Marcu Sep 4, 2007 8:40 PM

Quote:

Originally Posted by VivaLFuego (Post 3047051)
The 'problem' with this way of thinking is that many people consider it to be a regressive pricing structure, by hitting the lowest-income people the hardest.

The sales tax is naturally regressive as well, with the poor paying a higher % of their income in taxes. Also, the middle and upper class residents can alter their behavior and drive out to Oakbrook to buy the higher end items where the sales tax hits the hardest (tvs, computers, etc.). In many cases the poor cannot avoid the higher rate by driving outside the city/county limits

Chicago3rd Sep 4, 2007 8:50 PM

Chicagoian just got back from Seoul.
 
Am looking for a sharp object to slit my wrist. We got on the Blue line from O'Hare and thought it would shake apart. How did Seoul create such and extensive well run and clean system after WWII and the Korean war and we cannot even keep the couple of lines we have in good shape? Depressing.

Chicago is NOT first tier world class when it comes to public transportation. Wish we were really a first class city.

VivaLFuego Sep 4, 2007 9:16 PM

As a Chicagoan just back from Houston:
"Wow, I missed Chicago's public transit."

Comparing Chicago to Seoul is.....well, complicated. The built environments and government structures are so drastically different that comparisons are mostly meaningless and can't transcend the purely aesthetic ("Seoul has cleaner and faster trains! Chicago/US is inferior!"). Better to compare Chicago to say, Philadelphia, Los Angeles, Boston, etc. Seoul is so much denser, and auto ownership is so much lower than Chicago, that transit operates on a completely different paradigm.

^jkor,
Marcu was referring to raising the base fare even higher in exchange for better quality service. Since the public operating funds (48% of operations) are totally maxed out, this wouldn't accomplish too much in terms of service quantitysince the farebox recovery ratio is mandated to be about 52%. However, if the state was good for an increasing share, then obviously quality would increase. However, some of the additional fare monies could be spent for badly needed capital improvements.

j korzeniowski Sep 4, 2007 9:47 PM

thanks, viva', now i see.

ho-hum, sb 572 failed. it fell 10 votes short of the needed super-majority. funny how the news about chicago "officially" entered the international olympics race the same day.

the region's downward spiral begins in 13 days


i am really depressed about this, though ms. hamos did allow for this to be voted on again. i guess this still goes to the senate, it just has no chance of making it past blago' now??

hoju Sep 4, 2007 10:09 PM

OH man!! That sucks!
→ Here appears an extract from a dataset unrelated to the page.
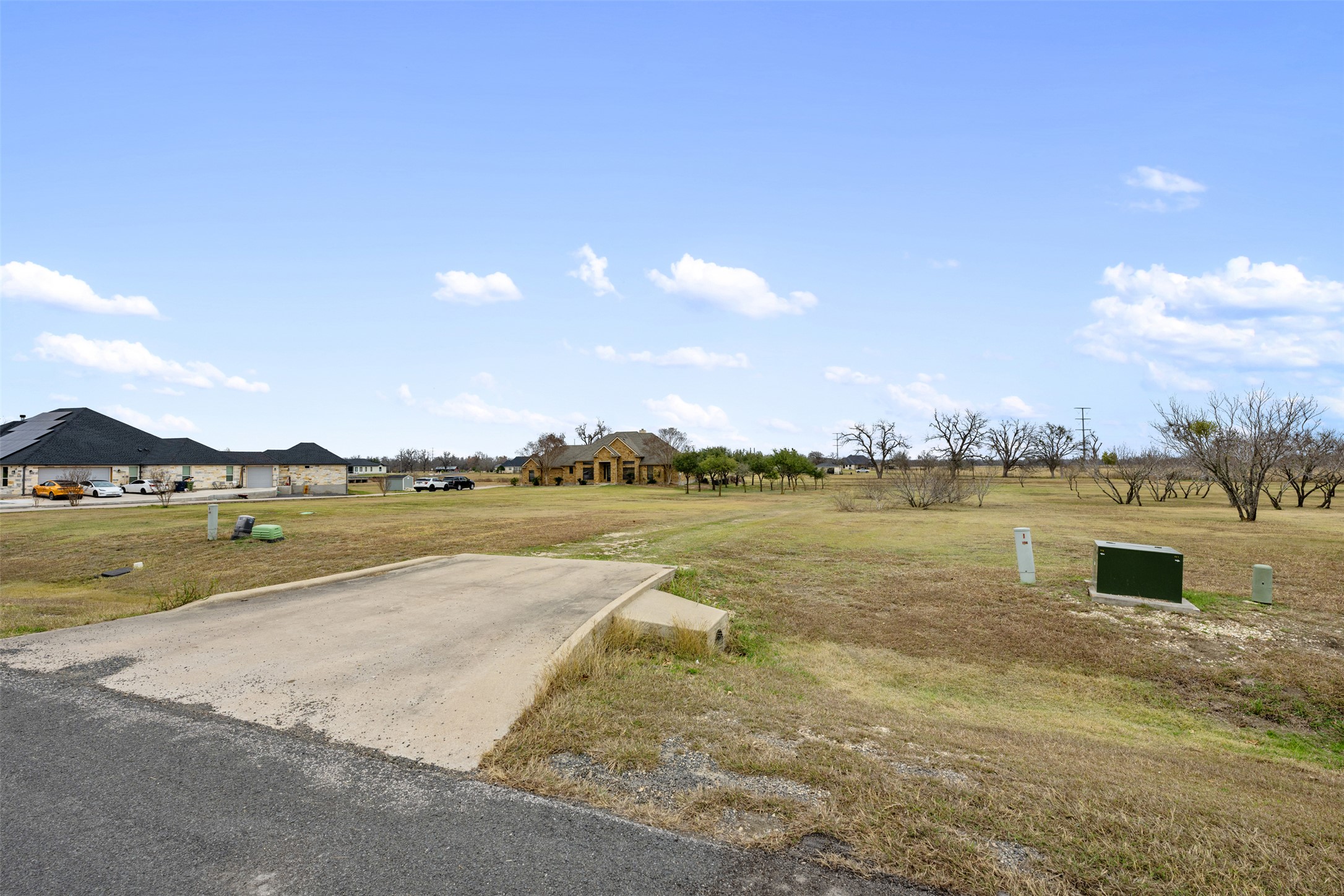 main property photo 21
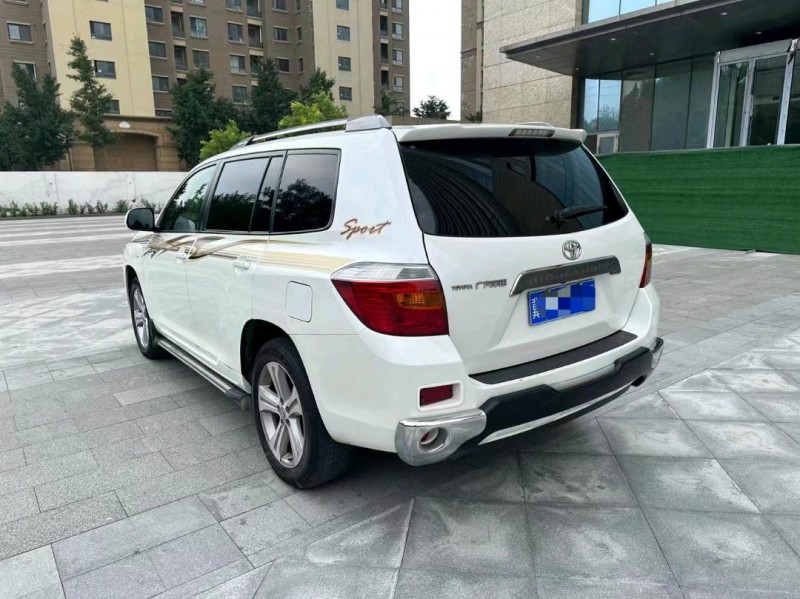 廊坊12年丰田汉兰达5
So are these assholes going to actually do anything before the service cuts? Metra and Pace have scheduled cuts as well on the horizon. Metra's cuts totally decimate the weekend schedule. Do we have any hope at this point for a sensible funding plan? Maybe Blago will propose some business tax or something. Good luck getting it passed though. God what a bunch of retards we have in the state government.

brint Sep 4, 2007 11:10 PM

Moving in Oct.
 
I live in Dallas, and I'm just up-and-moving to Chicago for no real reason at all, other than I liked the city and wanted a mature transit system. I'm just tired of waiting on Dallas to "get there."

How detrimental will the failure of this bill be to Chicago? It seems like service will still be OK. I haven't heard of any cutbacks on rail lines.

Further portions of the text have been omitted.